If the developer has his way, the $320-million project will introduce to the Jacksonville market such upper-crust retailers as Lord & Taylor, Nordstrom, Neiman-Marcus and Saks Fifth Avenue. The center will encompass 1.2 million sq. ft. of retail and restaurant space; 400,000 sq. ft. of office space; a 200-room hotel; and 450 apartments, combining traditional family-style units and lofts. Upon completion in 2003, the project is expected to be the third-largest retail center in Northeast Florida, exceeded in size only by Regency Square Mall and The Avenues, both also in Jacksonville.
Meanwhile, The Goodman Co. already has begun compiling a list of potential tenants for its new lifestyle center, to be constructed at the Southside's Freedom Commerce Center.

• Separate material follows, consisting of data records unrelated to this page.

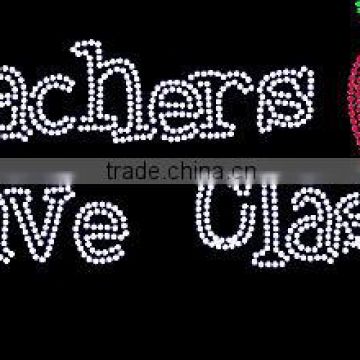 Beautiful Teachers Have Class bling rhinestone for T-shirt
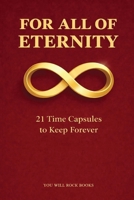 For All of Eternity : 21 Time Capsules to Keep Forever 1968835261 Book Cover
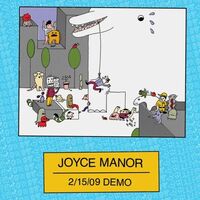 Joyce Manor - 2/15/09 Demo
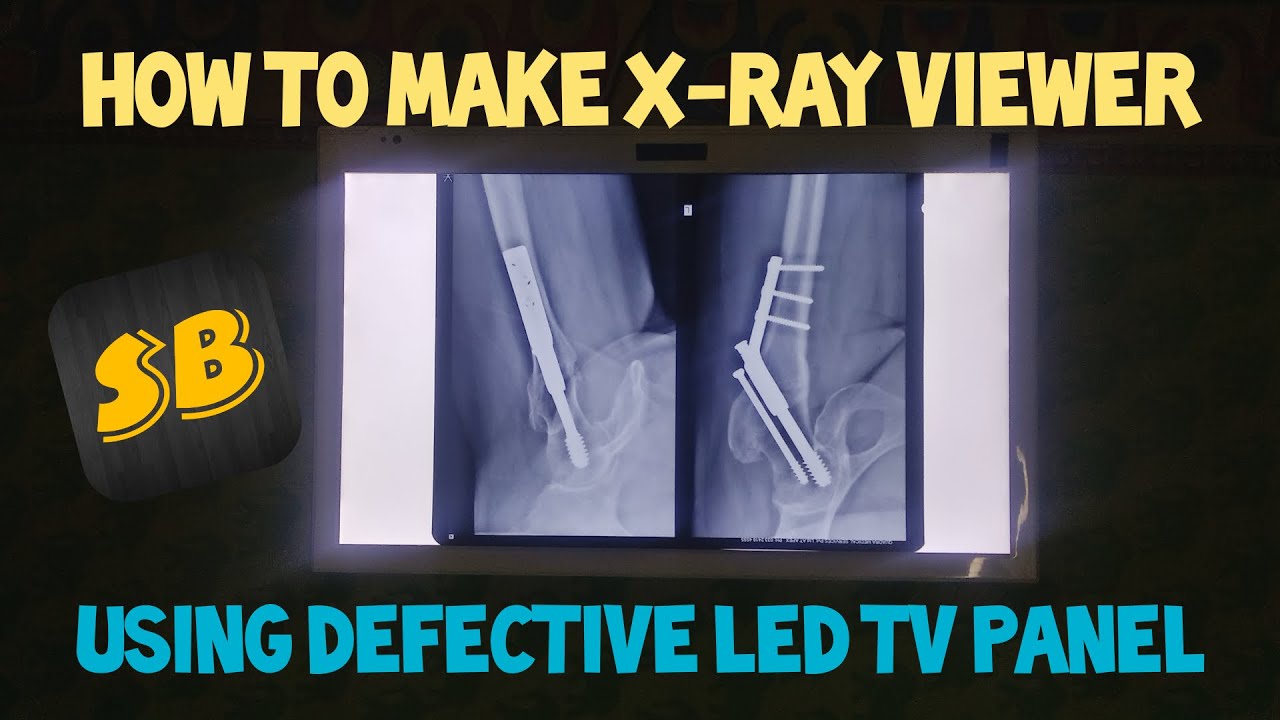 How To Make X-ray Plate Viewer Using Defective LED TV Panel.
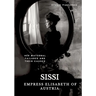 Sissi - Empress Elisabeth of Austria: Her Maternal Failures and Their Causes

Strikingly similar to Carter's project, the $200 million, open-air mall, as yet unnamed, will encompass 1.2 million sq. ft. of stores and restaurants; 2.5 million sq. ft. of office space; 450 apartments; and a 600-room hotel.of some of the retail portions is set to begin next spring and be completed by 2002, giving the project approximately a 15 month jump on Deerwood Town Center.
Despite the admitted scope of both projects, there's evidence to suggest that the city will, in fact, be able to support both. "We're seeing more of the higher-end jobs coming in, and that entices the high-end retailers to come in," says Brian Platock, vice president of retail properties for CB Richard Ellis in Jacksonville.
Nor will the centers be hurt by their proximity to neighboring St. Johns County, home of tony Ponte Vedra Beach, which enjoys the distinction of being one of the most affluent areas in Northeast Florida. A hotbed of continuing development, Ponte Vedra encompasses a total of 51.1 square miles. Average income within three miles of Players Championship Boulevard off A1A (main artery of one of the area's principal gated communities and annual site of the prestigious Players Championship golf tournament) is $140,000 per capita. Five miles out, that figure drops to about $105,000.
The Avenues, a 1.3 million sq. ft. power center constructed at the intersection of Southside Boulevard and Phillips Highway in 1990 that, retail-wise, heretofore has been one of the few games in town, already is gearing up for the new competition that will be moving in just down the road. Beginning Jan. 1, 2001, the mall will spend $6 million renovating its Belk's store, one of five anchors including Dillard's, JCPenney, Parisian, and Sears.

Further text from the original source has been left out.